La préfecture de Seine-Saint-Denis précise pour sa part que si les terrains étaient rachetés en vue d’une utilisation outre qu’industrielle, « il appartiendrait à l’aménageur de faire les éventuels travaux de dépollution supplémentaires permettant ce changement d’usage ». Elle précise qu’un diagnostic des sols réalisé par l’exploitant en janvier avait certes mis en évidence une pollution par des solvants chlorés et des métaux mais que le site était « compatible avec son usage actuel ».
La crainte du scénario Wipelec
La préfecture s’est toujours voulue rassurante dans ce dossier. Elle assure que sur la base d’une inspection effectuée le 26 juin, « le site ne présente pas de risque particulier ». Ce n’est pas l’avis des riverains. Une étude commanditée par la municipalité a montré un niveau élevé de contamination des sols, notamment au chrome 6 et étendue hors du site. Les habitants du quartier craignent désormais de vivre le même scénario que leurs voisins de Romainville où la société Wipelec a laissé derrière elle un site complètement souillé après la cessation de ses activités en 2003. Une crainte d’autant plus forte que Wipelec était également spécialisée dans les traitements de surfaces des métaux pour l’industrie aéronautique et avait le même donneur d’ordre, Safran.
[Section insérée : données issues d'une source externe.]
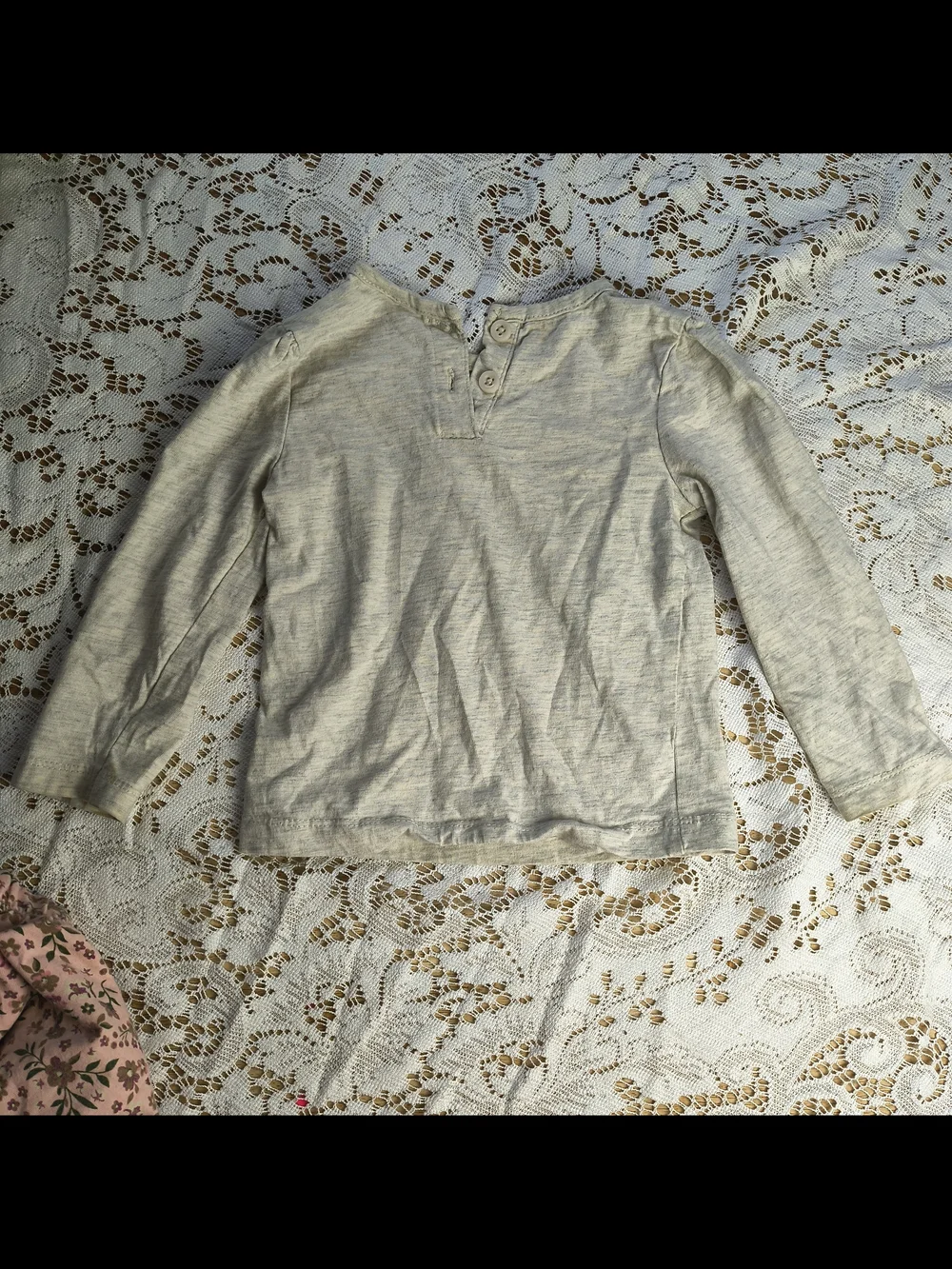 Matching set plush hooded poncho with long sleeve top and pink floral leggings - Picture 10 of 12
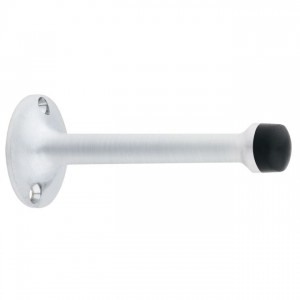 Ives WS65 3-3/4" Solid Wall Stop - Aluminum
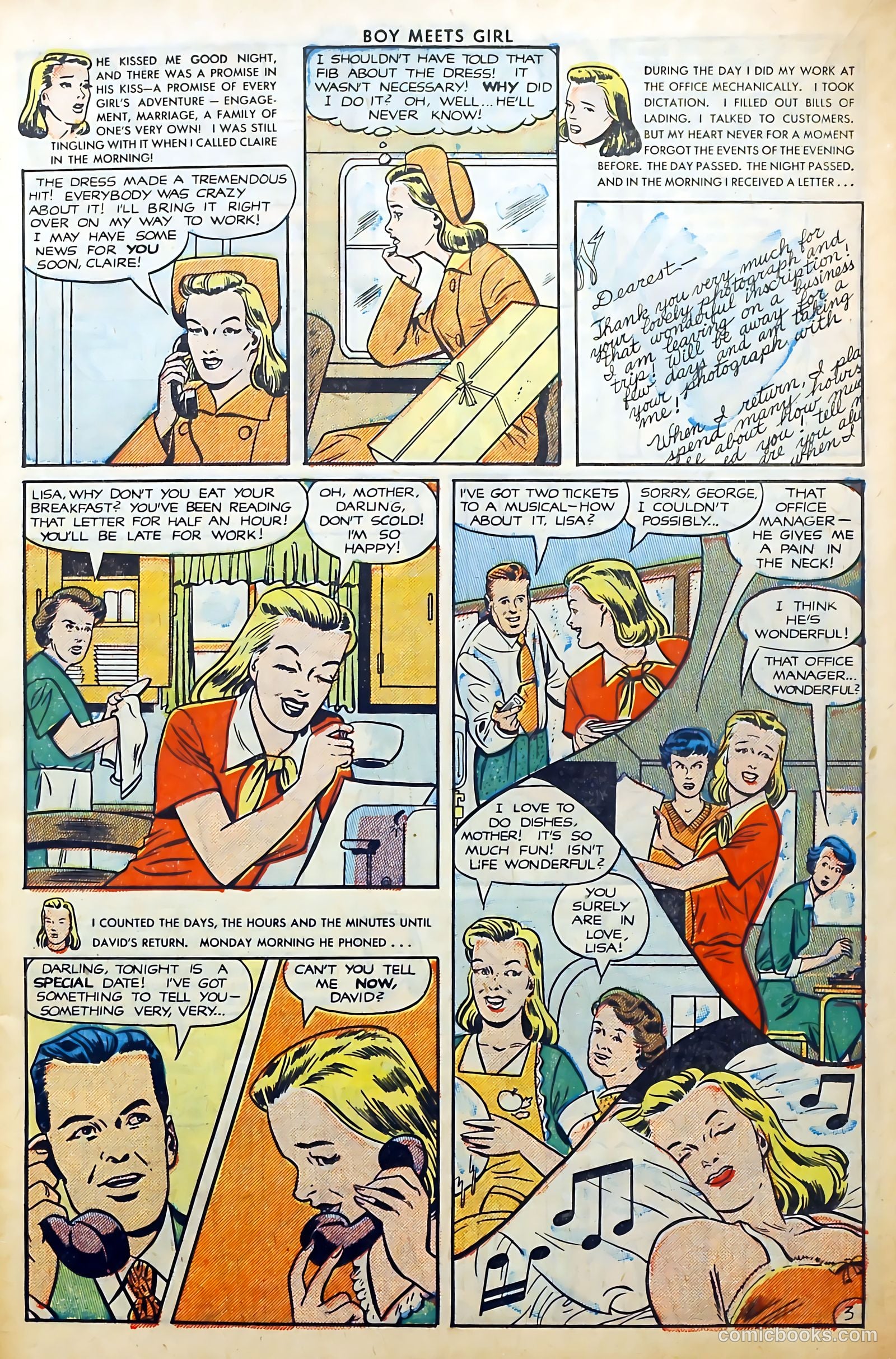Boy Meets Girl #6 (1950) — page 5 of 52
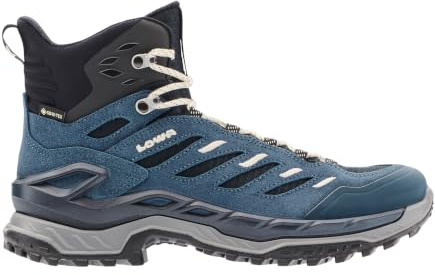 LOWA Stövlar medium INNOVO GTX MID Ws, blå grå, 42.5 EU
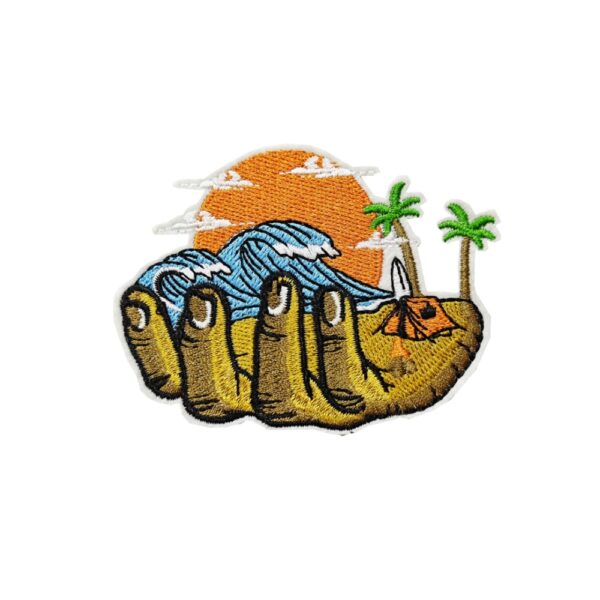 Wholesale Landscape Pastoral Embroidered Patches, DIY Fashion Accessory for Camping Home Decor, Stylish Gift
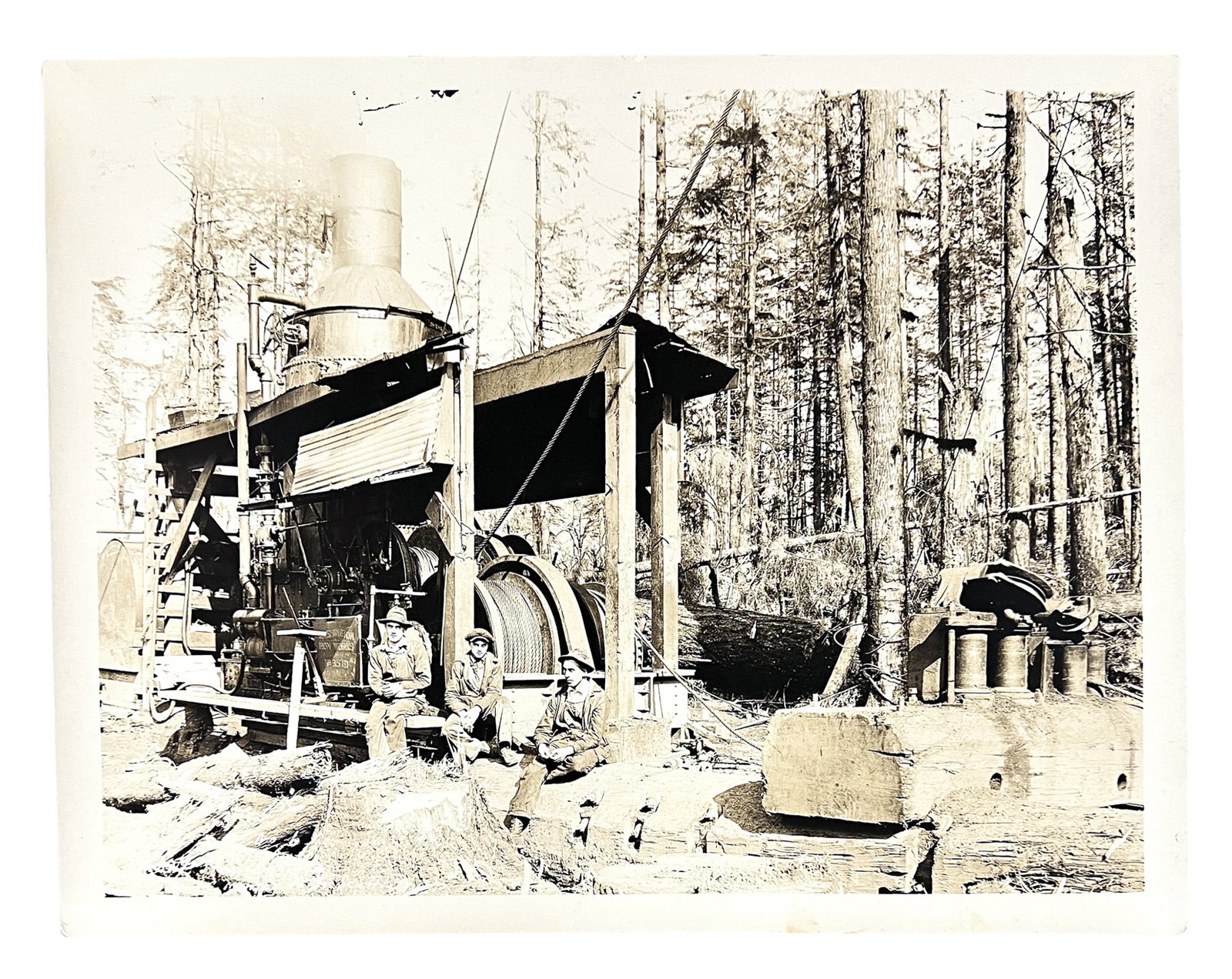 Clark Kinsey "White Star Lumber Co." Photograph - 2
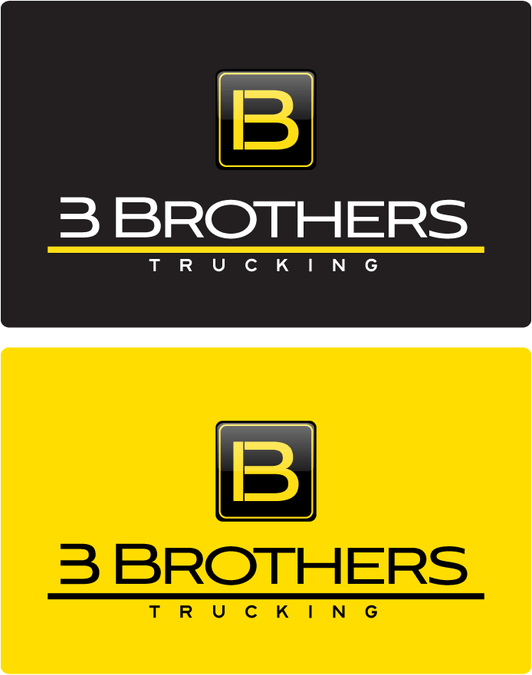 Three Brothers Logo - Logo for 3 BROTHERS TRUCKING by KAP. Logo design. Logos, Logo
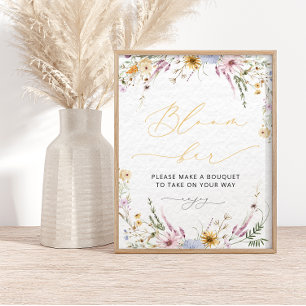 Wildflower Bloom Poster do Bar da ventoinha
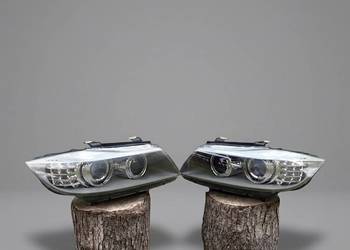 LAMPY PRZEDNIE BMW E90 E91 LCI Lift Bi-Xenon Europa Nieskrętne Lampy Komple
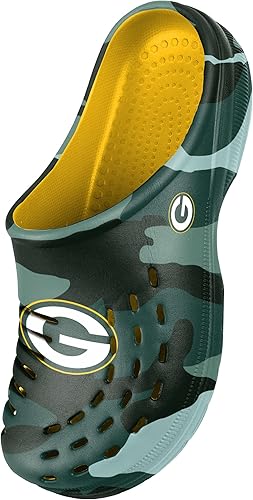 Miniatura 182 de FOCO - Sandalias de agua de jardín con logotipo de equipo de la NFL, para hombre Camuflaje tonal,logotipo grande de bloque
Les associations de riverains de Romainville ont décompté 23 cancers dont 21 décès depuis 1990. Elles déplorent que les travaux de dépollution n’aient commencé qu’en mai 2017. Et s’inquiètent aujourd’hui qu’ils génèrent un regain de pollution dans le quartier. Des niveaux de trichloroéthylène 140 fois supérieurs aux normes ont été mesurés dans certains logements.
A Montreuil, les parents d’élèves restent mobilisés pour la rentrée. Un nouveau collège doit ouvrir ses portes en septembre. Des études ont relevé la présence de solvants chlorés et de métaux lourds dans les sols. Des travaux de dépollution sont en cours. Le collège se situe à 150 mètres de « l’usine toxique ».